Luruh

sumber: minabraun.com


Tak ada bedanya dalam pergantian tahun ini. Waktu masih 24 jam. Senin sampai kembali Senin pun masih sama, tidak ada sapa. Semua sama, dalam rajut waktu yang belum berakhir, cemas dalam hati bertahap luruh dan meninggalkan waktuku.
Tak ada bedanya, manusia manusia pulang setelah lelah bahak dalam tawa. Dan lupa betapa mulianya tugas mesiu, arang, besi, aluminum,titanium,berilium yang melebur menjadi sebuah api yang nyala dalam langit hitam di setiap malam perayaan.
Tak ada bedanya, masih belum teriakan padanya bahwa siapa ia yang tak tahu diri mempermainku sekian lama. Yang carut marut pikiranku tergadai dalam tahun belakangan ini.

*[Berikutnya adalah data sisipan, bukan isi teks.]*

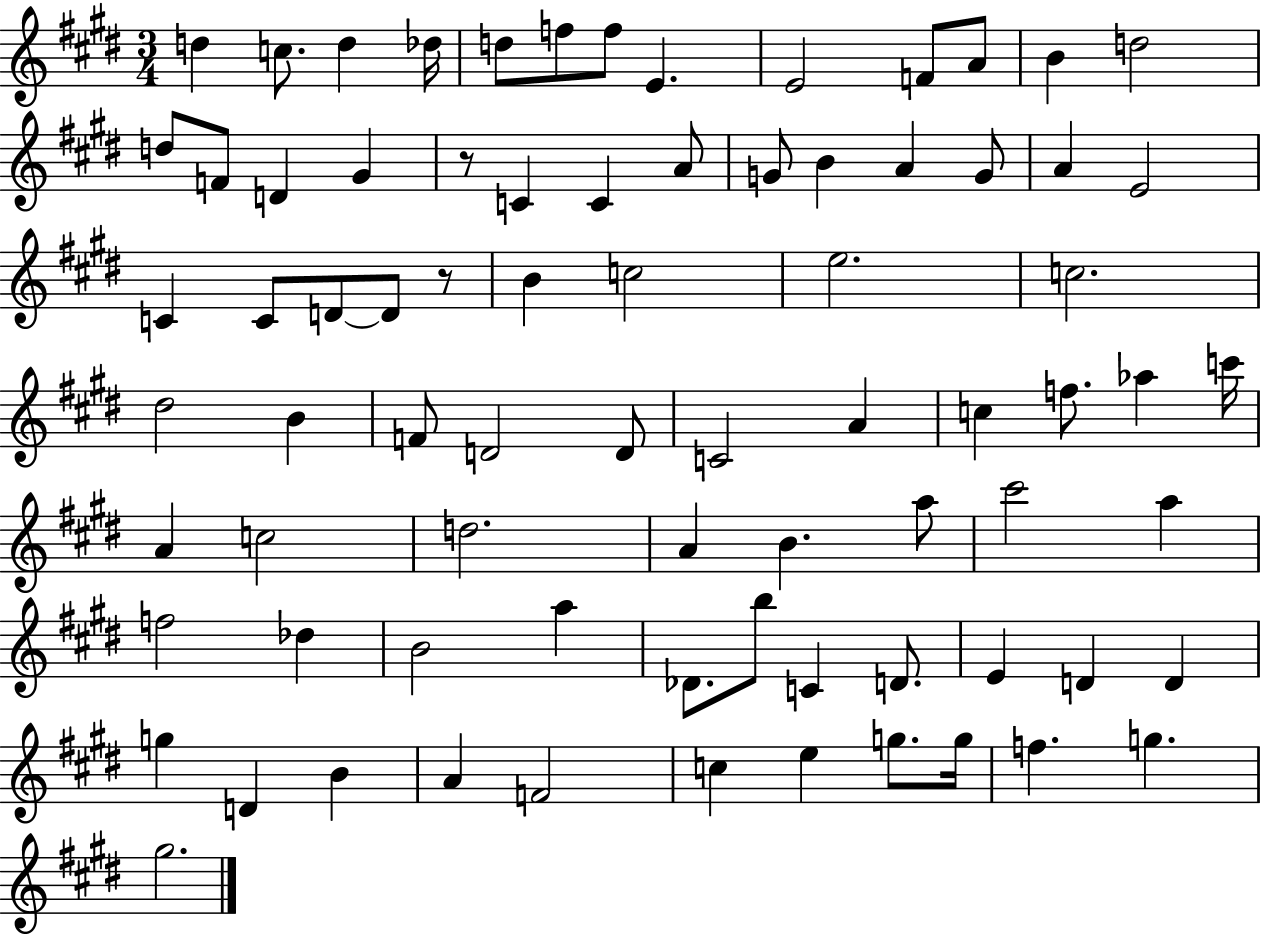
X:1
T:Untitled
M:3/4
L:1/4
K:E
d c/2 d _d/4 d/2 f/2 f/2 E E2 F/2 A/2 B d2 d/2 F/2 D ^G z/2 C C A/2 G/2 B A G/2 A E2 C C/2 D/2 D/2 z/2 B c2 e2 c2 ^d2 B F/2 D2 D/2 C2 A c f/2 _a c'/4 A c2 d2 A B a/2 ^c'2 a f2 _d B2 a _D/2 b/2 C D/2 E D D g D B A F2 c e g/2 g/4 f g ^g2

Begitu yang kutuliskan saat duduk di bangku cokelat taman belakang sembari minum air putih. Dan juga Air putih lebih bagus ketimbang minum kopi karena cafein hanya membuat debar dan gelisah dalam menjemput pagi. Apalagi, ini manusia tidak suka dengan adrenalin. Tidak bisa dan tidak biasa dengan debar berlebih. Jadi tak bisa ia artikan debar karena pompa ventrikel atau debar karena otak mengartikannya sebagai sebuah rasa, yang kemudian aorta leburkan dalam darah dan salurkan seluruh tubuh.Kalau begitu, mana tahu otak membedakan mana yang aritmia atau mana yang jatuh cinta.
Rasanya malah sedang telentang dan memadang semesta. Menghela napas panjang dalam sabana di Argopura sana. Pasti rumputnya sedang hijau dan menenangkan mata. Rasanya kalau kembali kesana akan menjadi utuh. Kembali menjadi diri yang membuat masa depan, bukannya kenangan. Lagian hidup masa cuma mengenang? Ya, meski katanya tahun ini adalah gapura, tapi rasa -rasanya ada yang belum selesai.
Kenapa belum selesai? Atau apa yang belum selesai?Entah, yang bagian mana. Semua sama, belum selesai. Kan ku bilang di atas juga tak ada bedanya. Gapura untuk menjemput kecewa sepertinya. Dan lagi, aku di hujam kabar yang sangat tak enak hati. Benar, awal permulaan menjemput kecewa harus dipersiapkan.
Sedang helaan napas ku masih tersendat. Ada yang belum lepas.  Masih menggenang kenangan dalam kejauhan. Tapi aku akan lepas dalam pikiran. Maksudku, aku sudah dalam tahap tak perlu mempertanyakan mengenai tuntutan Tuhan. Atau mengenai para pemyembah Tuhan yang tak masuk akal. Sudahlah cukup, persiapkan segala untuk akhir zaman.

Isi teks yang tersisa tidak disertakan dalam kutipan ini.